In any case, you have conceded that your basis is your personal taste, much like curl-6's seemingly endless complaints.
2. This assumes success of Lockhart and that would be a huge gamble for Nintendo to bank their strategy on. We've already seen in the eighth gen that the base models of the XB1 and PS4 were getting merely passable versions later on, and Lockhart is going to start out with that while mid-gen upgrades for the PS5 and XSX should be absolutely a given, so by 2024 it's much more likely that the base for third party developers will be the PS5 and XSX, not Lockhart.
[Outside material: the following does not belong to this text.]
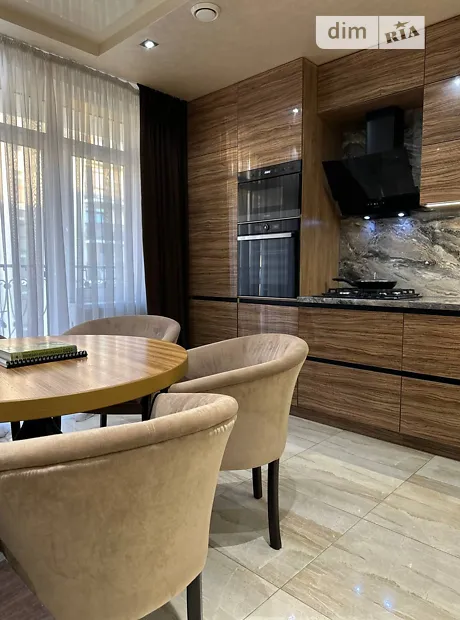 Квартира на вул. Західна, 10 в Києві, ID 257999, фото №29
Beyond that, an early Switch 2 launch comes with the problem that the majority of owners is not ready for next generation, especially if the primary incentive for upgrading are games that the majority doesn't care about (AAA third party software). Nintendo ran into this problem with the Wii U where their sales pitch at E3 2011 was AAA third party software and Wii owners reacted very hostile to it.
Software sells hardware, and Nintendo's first party output took a nosedive in 2011 in terms of pedigree and quantity. 2011 had:
Kirby's Epic Yarn (February, PAL-only)
Mario Sports Mix (Febuary (NA), January (PAL))
The Last Story (January, JP-only)
Pandora's Tower (May, JP-only)
Wii Play: Motion (June)
Rhythm Heaven: Fever (July, JP-only)
Xenoblade Chronicles (August, PAL-only)
Kirby's Return to Dreamland (November)
Mario & Sonic at the London 2012 Olympic Games (November)
Poképark 2: Wonders Beyond (November, JP-only)
The Legend of Zelda: Skyward Sword (November)
Fortune Street (December)
There are a lot of staggered releases in there, so cleaned up it looks like this:
Japan: 9 games
North America: 6 games
Europe, Australia: 8 games
I've written down the release months above, so you can tell how barren most of the year was for each territory and that it was a very backloaded year (4 of the 5 global releases in 2011 landed in November or December). Furthermore, it was a year without big system sellers because Nintendo kept having the wrong idea with Zelda; the producer Eiji Aonuma took pride in saying that the whole game feels like a puzzle, but none of the big Wii hits have the word 'puzzle' come to mind.
That a release schedule like that isn't good for momentum should be clear, but I can emphasize my point with the much more recent 2018 of Switch where the first three quarters of 2018 were light on important Nintendo software and momentum suffered. The holiday quarter of 2018 was huge because of Super Mario Party, Pokémon: Let's Go and Super Smash Bros. Ultimate, allowing 2018 as a whole to finish with healthy year over year growth over 2017, but it didn't look healthy for much of 2018, especially because of the April to June quarter.
The Wii's 2009 played out similarly, but you probably don't remember the major dip in hardware sales in the first half of 2009 that made people rejoice that the fad is over. The second half of 2009 saw Nintendo release Wii Sports Resort, Wii Fit Plus and New Super Mario Bros. Wii as major games, and the resulting hardware sales made the haters choke on their own venom.
The Wii's 2012 saw another major decline over 2011. 2013 onwards essentially flatlined for Wii's hardware sales, but you can tell why if you check the Wikipedia link above and read up on Nintendo's software output for the Wii during the late life of the console.